Artificial Intelligence (AI) algorithms, which are the heart of emerging aviation autonomous systems and autonomy technologies, are generally perceived as black boxes whose decisions are a result of complex rules learned on-the-fly. Unless the decisions are explained in a human understandable form, the human end-users are less likely to accept them, and in the case of aviation applications, certification personnel are less likely to clear systems with increasing levels of autonomy for field operation. Explainable AI (XAI) are AI algorithms whose actions can be easily understood by humans. This SBIR develops EXplained Process and Logic of Artificial INtelligence Decisions (EXPLAIND), which is a prototype tool for verification and validation of AI-based aviation systems. The SBIR develops an innovative technique called Local Interpretable Model-Agnostic Explanation (LIME) for making the learning in AI algorithms more explainable to human users. LIME generates an explanation of an AI algorithm’s decisions by approximating the underlying model in the vicinity of a prediction by an interpretable one. We apply LIME to a NASA-developed aircraft trajectory anomaly detection AI algorithm (MKAD) to provide a proof-of-concept. EXPLAIND represents an important step towards user acceptance and certification of multiple AI based decision support tools (DSTs) and flight-deck capabilities planned to be developed under NASA’s System Wide Safety and ATM-eXploration projects. EXPLAIND also benefits NASA’s planned human-in-the-loop (HITL) simulations of machine learning (ML) algorithms using the SMARTNAS Testbed by providing techniques for making the algorithm’s decisions more understandable to HITL participants. Moreover, with new European Union regulations soon requiring that any decision made by a machine be readily explainable, the EXPLAIND approach is also relevant to multiple non-aviation fields such as medical diagnosis, financial systems, computer law, and autonomous cars.

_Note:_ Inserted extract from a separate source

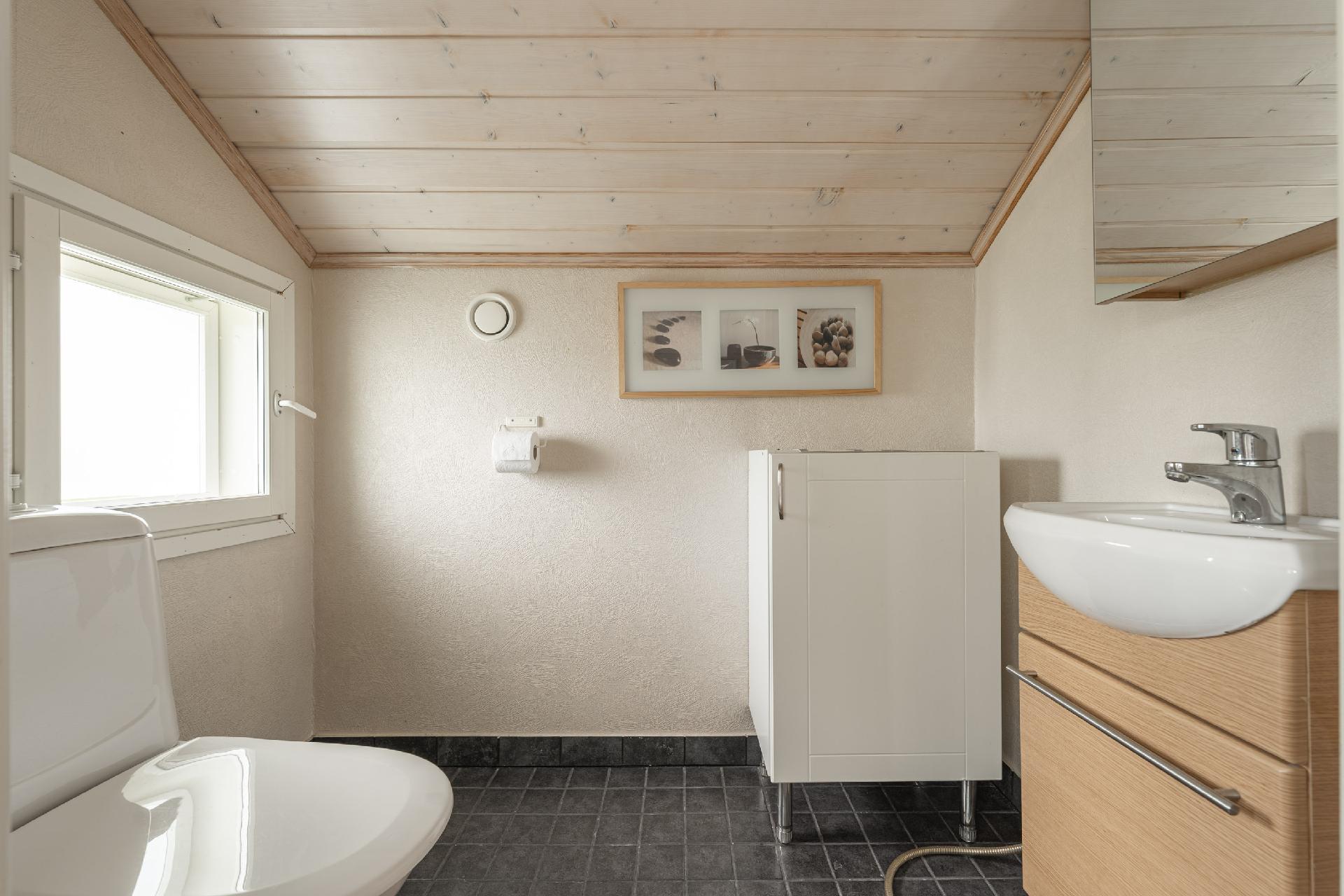 Petäjälahdentie 2, Tahkovuori, Kuopio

Applications include enhanced explainability AI/ML algorithms for (1) aviation anomaly detection and safety precursor identification for Real-time System-wide Safety Assurance, (2) ATD-3’s Traffic Aware Strategic Aircrew Requests (TASAR), (3) IDO traffic management, (4) UAM and UTM path planning, de-confliction, scheduling and sequencing, (5) AI explanation interfaces to support UAM and IDO HITLs using the SMARTNAS Testbed, (6) Science Mission Directorate’s distant planet discovery algorithms.
Primary application is for the FAA with goal for NASA to transfer a validated enhanced explainability AI concept (e.g., MKAD anomaly detection tool) to the FAA. Airline AI travel assistant tools are another application. With new European General Data Protection Regulation requiring that any decision made by a machine be readily explainable, EXPLAIND can be applied to non-aviation fields like financial credit models, medical diagnosis, and self-driving car guidance systems.